Mientras en Nueva York la prensa de todos los calibres se frota las manos –¡un nuevo affaire Lewinsky!, ¡peor!, piensan algunos; «The big story», anuncia el New York Post–, en París no han sido pocos los que han mostrado su sonrojo ante la caída en desgracia de quien para muchos seguía siendo el caballo de batalla del Partido Socialista de cara a las elecciones presidenciales del año próximo; nada menos que el único capaz, por su experiencia en materia financiera, su carisma, su verbo seductor, su imagen playboyesca, de retar a Nicolas Sarkozy y de conducir hacia el poder al partido de la rue Solferino después de tantos años de devaneos; el mismo hombre, el encargado de reajustar el desastre económico mundial de los últimos tiempos, de quien hace menos de un año la revista Newsweek había afirmado que «podría conquistar Francia después de haber salvado al mundo».
Pero la historia es otra. Según ha trascendido desde aquel 14 de mayo, Nafissatou Diallo, una camarera inmigrante de origen guineano, de 32 años, musulmana, viuda y madre de una hija adolescente, vio abalanzarse hacia ella el cuerpo desnudo del patrón del Fondo Monetario Internacional mientras, sin saber que el huésped se encontraba en el baño, la empleada intentaba «hacer la habitación» en la suite presidencial número 2806 del Sofitel de Times Square, en la calle 44 de Manhattan, donde trabajaba, discreta y afanosa, desde hacía tres años. Ella a «hacer la habitación»; él, como al parecer era su hábito, a «hacer el pan», una expresión muy, muy de Centro Habana.
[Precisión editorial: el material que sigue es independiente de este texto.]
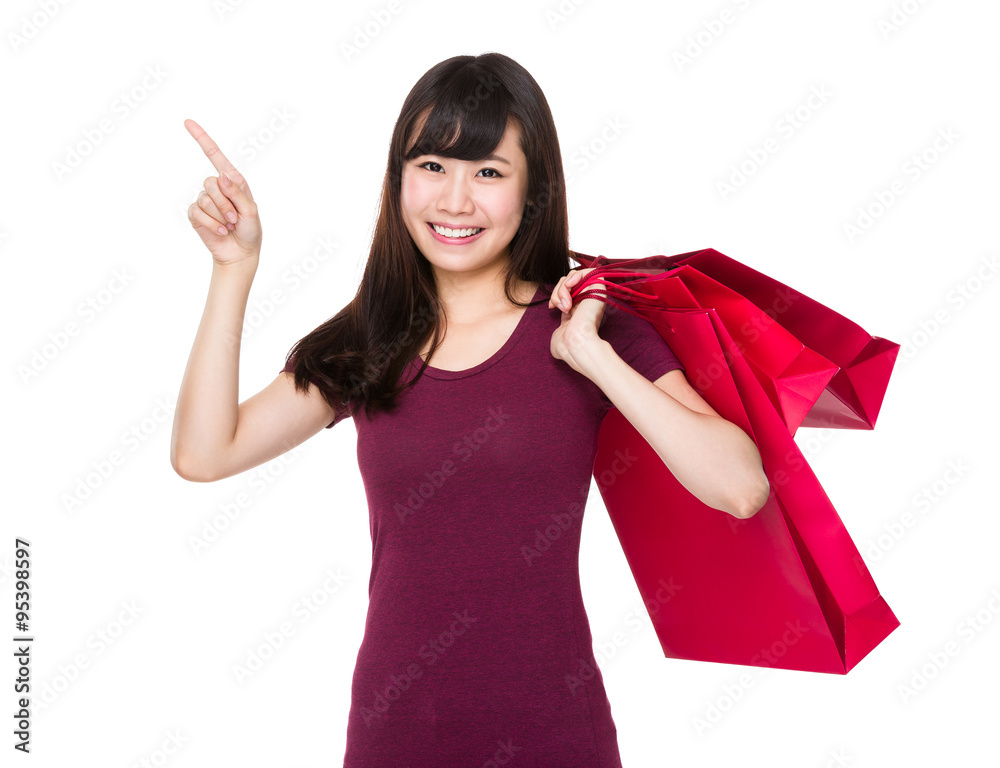 Asian Woman hold with present box and finger point up Asian Woman hold with present box and finger point up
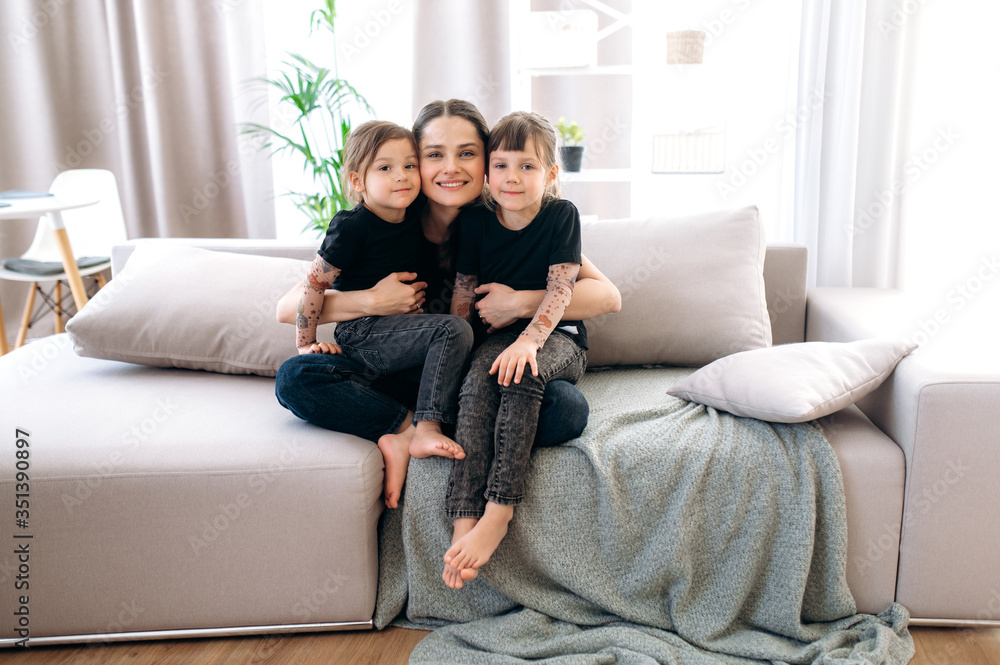 Mom and daughters. A wonderful portrait of a charming happy young mother and her two cute daughters. They are sitting on the sofa at home in casual stylish clothes hugging and smiling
Desde entonces el affaire ha «hecho» la portada de 150 000 periódicos en el mundo, según Kantar Media, un instituto especializado en «ruido mediático». En el lejano Moscú, Vladimir Putin, Primer ministro ruso salido de las filas de la KGB, insistía el 27 de mayo en la idea de un complot contra el expatrón del FMI, según un cable de Interfax citado por el diario Libération. Pero, «cuál es la razón profunda de este tsunami? –se pregunta el escritor Philippe Sollers, otro inveterado seductor, en su columna de Le Journal du Dimanche del pasado 29 de mayo— El aburrimiento. Un aburrimiento angustioso, sofocante, incontenible, que invadió cada vez más a este rey del mundo financiero, ya virtual Presidente de la República francesa. No crea usted que resulta agradable saltar de reunión en reunión, ver pasar vertiginosamente delante de sus ojos millones de dólares con los que se penaliza a los griegos, a los españoles, a los portugueses, a los irlandeses, de estar consciente de lo peor mientras dice lo contrario, de respirar en el corazón de una catástrofe…; el stress garantizado».